The Tal Law

The mindset of this court, regardless of who presides over it, is still extra-activist.

Israeli Supreme Court 311 (photo credit: REUTERS/FILE)
Israeli Supreme Court 311
(photo credit: REUTERS/FILE)
On the face of it, the principle of equality before the law triumphed spectacularly when the High Court of Justice ruled on Tuesday against extending the Tal Law, which allowed exemptions from military service for haredi men under the guise of encouraging them to enlist.
This decade-old legal oxymoron was deemed unconstitutional by six of the nine justices on the panel.
Nonetheless, the crows of victory from a host of civil liberties lobbies and much of the general public are patently premature. Likewise, the wails of indignation from religious politicians are exaggerated and geared to exploit anew an old pretext for rallying the party faithful.
Come August, when the Tal Law expires, IDF recruitment bases are unlikely to be inundated by thousands of yeshiva students flocking dutifully in response to draft notices.
That’s hardly desirable but is an undeniable fact of life. Too many vested interests and ingrained social patterns dispose the High Court’s ostensible objectives to failure. Many of the exemptions for presumed yeshiva students are bogus because a sizable portion of them aren’t scholars and yet are indoctrinated to reject military service.
Moreover, the rabbinical and political establishments reinforce their hold on the ultra-Orthodox sector by discouraging contacts with the rest of society. Stultifying conservatism would be undermined by breaking the separatist mold.
Odds are that the High Court ruling, which many of us rightly endorse, will rebound in a regressive backlash just when welcome buds of integration and increasing enlistment begin to sprout. They may be too few, too late, and confrontation will harden and radicalize positions. The borderline Orthodox may well be sucked into more extreme circles once the battle lines are drawn.
The Tal Law was born under Ariel Sharon, later the progenitor of Kadima, which now decries his law’s essence. Binyamin Netanyahu will have to buy time by promising a substitute for the soon-to-be-defunct legislation.
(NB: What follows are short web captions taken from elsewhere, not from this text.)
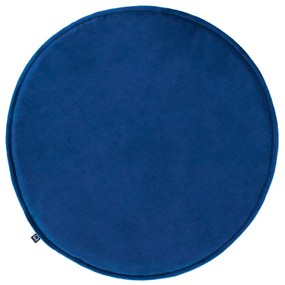 Kave Home - Cuscino per sedia rotondo Rimca velluto blu Ã˜ 35 cm
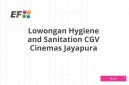 Lowongan Hygiene and Sanitation CGV Cinemas Jayapura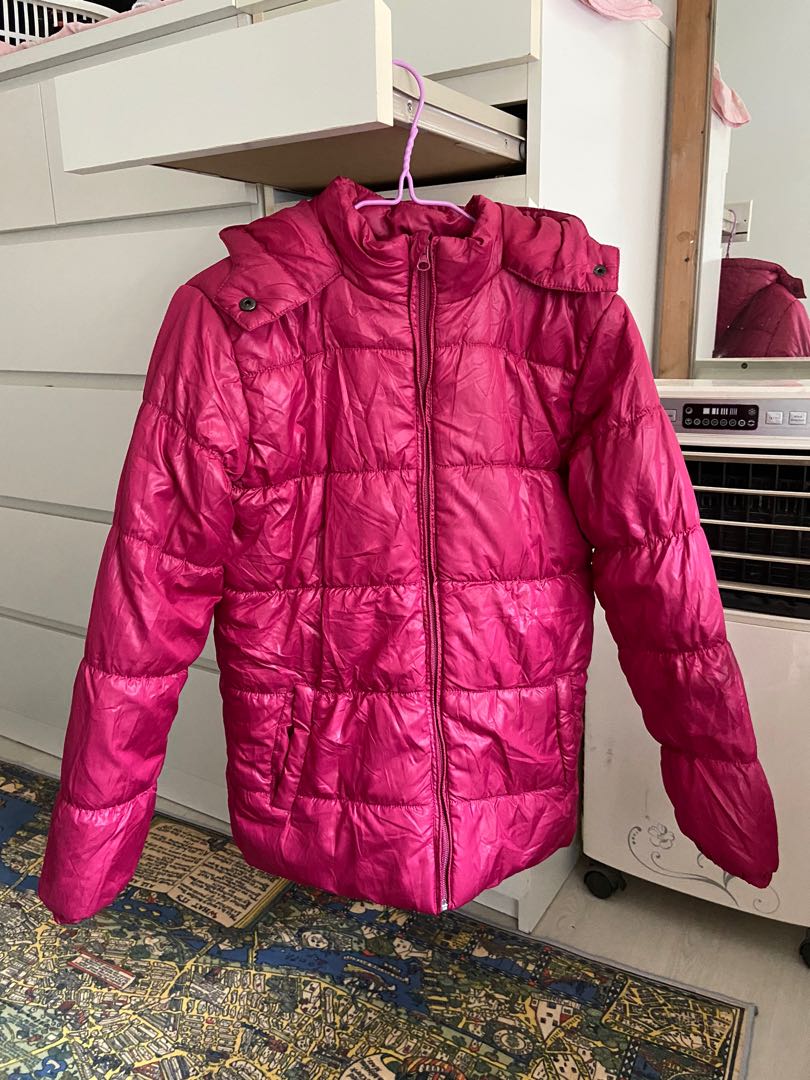 Hot pink winter jacket new arrivals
That is next to a mission-impossible as it means sewing another intricate patchwork quilt that promises everything to everybody yet delivers little, if anything, to anyone. It’s uncertain that Netanyahu can – or will be allowed to – manage the sleight of hand that Sharon achieved in his day.
Still, Netanyahu has no choice but to give it a shot because politics, as per John Kenneth Galbraith, “consists in choosing between the disastrous and the unpalatable.”
The Tal Law is categorically unpalatable, but leaving a gaping void in its place may be disastrous. Social dynamics suffer no vacuums.
The Tal Law is a flawed construct of inherently contradictory declarations of intent. It was a façade claiming to uphold egalitarianism, while in fact it was designed to facilitate the precise reverse. But that, fair or not, is the nature of political compromise. Rather than advance given goals, compromises tend to paper over differences to preserve the status quo and allow modified violations of stated aims.
The High Court didn’t shock us with radical discoveries of truths that had eluded us. It was no secret that arrangements such as the Tal Law are never what they’re presented as, but – imperfect as they doubtlessly are – they’re often indispensable in preventing outright conflict.
That said, our judiciary is hardly likely to consider incontrovertible realities. Indeed, it’s unrealistic to expect an overnight shift in the Supreme Court once Justice Asher Dan Grunis succeeds Dorit Beinisch as its president.
Significantly, Grunis remained isolated in his nonconformist opinion on the limits of judicial interference. He argued that when the majority offers perks to a minority, it’s not the task of the court to annul them. The court’s objective should be to protect minorities from majority hardheartedness. The rest is up to electoral processes.
But Grunis’s noninterventionist predilections weren’t echoed even by the two other dissenting justices on Tuesday. The mindset of this court, regardless of who presides over it, is still extra-activist.
This leaves us wondering, though, whether its activism would be directed with equal zeal at the draft exemptions accorded Israeli Arabs (who even refuse civil service in their own communities) and at the egregious draft-dodging by segments of secular, urban, upwardly mobile society.